As I sipped my pale ale, I had to admit George was living by those standards. He never held back the details of his huffing: the trashed hotel rooms, the hallucinations, the lost bowels. As disturbing as these stories were, they always remained consistent with the facts. I wasn’t the best at calling and texting, but George didn’t seem to take that personally. He knew I was busy in Boston, and he refrained from assuming anything about my motivations. Just as he withheld judgement, he never asked for pity; he was serious about life, and success, and the affection he harbored for his loved ones. All the same, George was at his best when he was hamming it up with his friends.
I want to say George was the Jokerman. Both traversed a haunted world of temptation and illusion. Both struggled to keep “one step ahead of the persecutor within.” Both suppressed their macabre nightmares to not only survive, but to embrace a ruthless world.
But George wasn’t the Jokerman at all. He wasn’t some literary figure. He was more charming, more complex than that. He was everyone’s best friend.
That night at the bar, I was drinking slowly. I’d borrowed Mom’s Buick, and I couldn’t keep it out overnight, because she needed it for church in the morning. Still, after that round at the brewery, George and I drove separately to another bar, Redlight Redlight, where we had a drink and decided to hit up the Mellow Mushroom, for old time’s sake. George’s place was on the way, so I offered to drive. George went to drop off his car while I got gas. When I pulled up to his apartment, a small, cinder-block structure where his car was parked, he wasn’t standing outside. I waited a few minutes, and he still didn’t come. I got out and knocked on the door. No response. So I called.
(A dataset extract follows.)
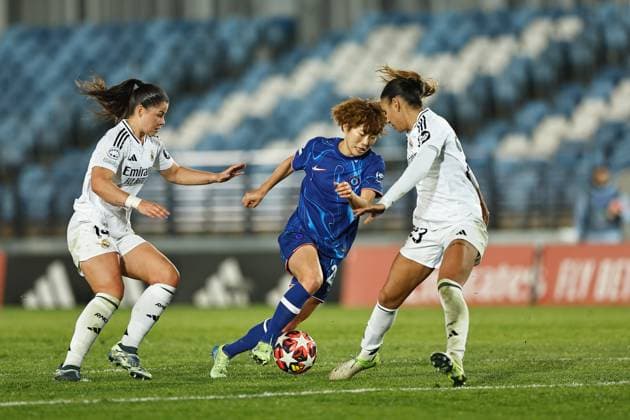 (L-R) Maria Mendez (Real), Maika Hamano (Chelsea), Maelle Lakrar (Real), DECEMBER 17, 2024 - Football Soccer : UEFA Women s Champions League group stage Matchday 6 Group B match between Real Madrid C.F. 1-2 Chelsea FC at the Estadio Alfredo Di Stefano in Madrid, Spain. Noxthirdxpartyxsales  (276471482)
“Hey,” I said when he answered. “I’m here.”
“I’ll be right out,” he said and hung up, his voice deeper, thicker than before.
I waited in the car another several minutes until he got in.
“What were you doing in there?”
He wasn’t being impeccable. I let it go and pulled away.
At the Mellow Mushroom, some of the staff and customers still knew us. George was drinking faster. Our banter was growing louder. Before long, George threw a round of Maker’s Mark on his tab. We tossed ‘em back and I folded my arm around George’s shoulder, began to sing, “Who are these people who are walking toward you…”
George finished the line: “Do you know them or will there be a fight?” We bellowed the rest of the lengthy bridge from the final track of Infidels, “Don’t Fall Apart on Me Tonight” and George growled out, yeah! I met his eyes, and then I felt it, the desire to stay out with him all night, to consume everything we could until we woke late in the morning with dry mouths and pounding headaches, desperate for water and bacon. That urge let me know it was time to go home, because if I stuck around any longer, I’d be too drunk to drive. I paid my tab and signaled George to pay his. We piled in Mom’s car and headed back toward George’s apartment, recalling our Mellow Mushroom days--the servers we’d liked and loathed, the barflies we’d befriended, the golf we’d played with the owner, Chuck. We communed in that space before addiction and other dreams took hold.
It was almost midnight when we neared George’s place. He blurted out, “Ah shit. Just drop me back off at Redlight.”
I knew then the recklessness that had swallowed him before had risen again. But what could I do? I had to let him go.
The last I saw of George, he hitched his pants and strutted into yet another bar where he knew all the bartenders. He might’ve stayed till close, or longer, well after I’d fallen asleep in Mom’s condo.
Not four months later, back in Boston, I got the call: George had been huffing, and his heart had given out.
Oh, George. I still hear you in the songs.